§ 517. It follows from the nature of ratification as a necessary confirmation of a treaty already concluded that ratification must be either given or refused, no conditional or partial ratification being possible. That occasionally a State tries to modify a treaty in ratifying it cannot be denied, yet conditional ratification is no ratification at all, but equivalent to refusal of ratification. Nothing, of course, prevents the other contracting party from entering into fresh negotiations in regard to such modifications; but it must be emphasised that such negotiations are negotiations for a new treaty,[879] the old treaty having become null and void through its conditional ratification. On the other hand, no obligation exists for such party to enter into fresh negotiations, it being a fact that conditional ratification is identical with refusal of ratification, whereby the treaty falls to the ground. Thus, for instance, when the United States Senate on December 20, 1900, in consenting[880] to the ratification of the Hay-Pauncefote Treaty as regards the Nicaragua Canal, added modifying amendments, Great Britain did not accept the amendments and considered the treaty fallen to the ground.
[879] This is the correct explanation of the practice on the part of States, which sometimes prevails, of acquiescing, after some hesitation, in alterations proposed by a party to a treaty in ratifying it; see examples in Pradier-Fodéré, II. No. 1104, and Calvo, III. § 1630.
[880] It is of importance to emphasise that the United States' Senate, in proposing an amendment to a treaty before its ratification, does not, strictly speaking, ratify such treaty conditionally, since it is the President, and not the Senate, who possesses the power of granting or refusing ratification; see Willoughby, "The Constitutional Law of the United States" (1910), I. p. 462, note 14. The President, however, according to article 2 of the Constitution, cannot grant ratification without the consent of the Senate, and the proposal of an amendment to a treaty on the part of the Senate, therefore, comprises, indirectly, the proposal of a new treaty.
Quite particular is the case of a treaty to which a greater number of States are parties and which is only partially ratified by one of the contracting parties. Thus France, in ratifying the General Act of the Brussels Anti-Slavery Conference of July 2, 1890, excepted from ratification articles 21 to 23 and 42 to 61, and the Powers have acquiesced in this partial ratification, so that France is not bound by these twenty-three articles.[881]
[881] See Martens, N.R.G. 2nd Ser.

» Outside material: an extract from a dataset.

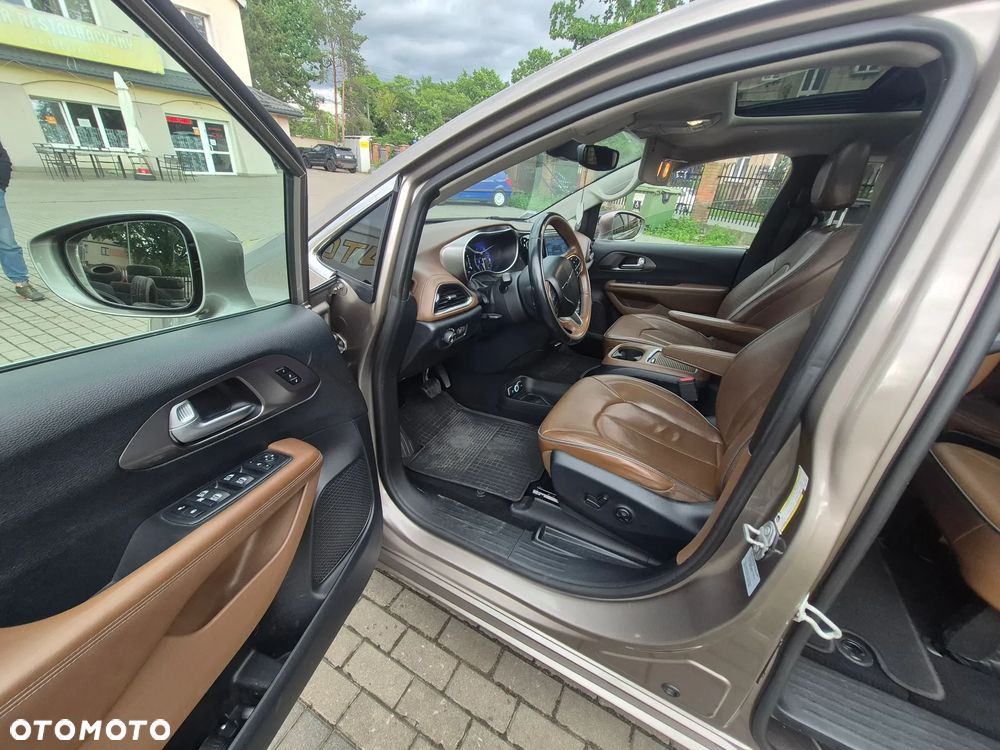 Chrysler Pacifica - 16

XXII. (1897), p. 260.
But it must be emphasised that ratification is only then partial and conditional if one or more stipulations of the treaty which has been signed without reservation are exempted from ratification, or if an amending clause is added to the treaty during the process of ratification. It is therefore quite legitimate for a party who has signed a treaty with certain reservations as regards certain articles[882] to ratify the approved articles only, and it would be incorrect to speak in this case of a partial ratification.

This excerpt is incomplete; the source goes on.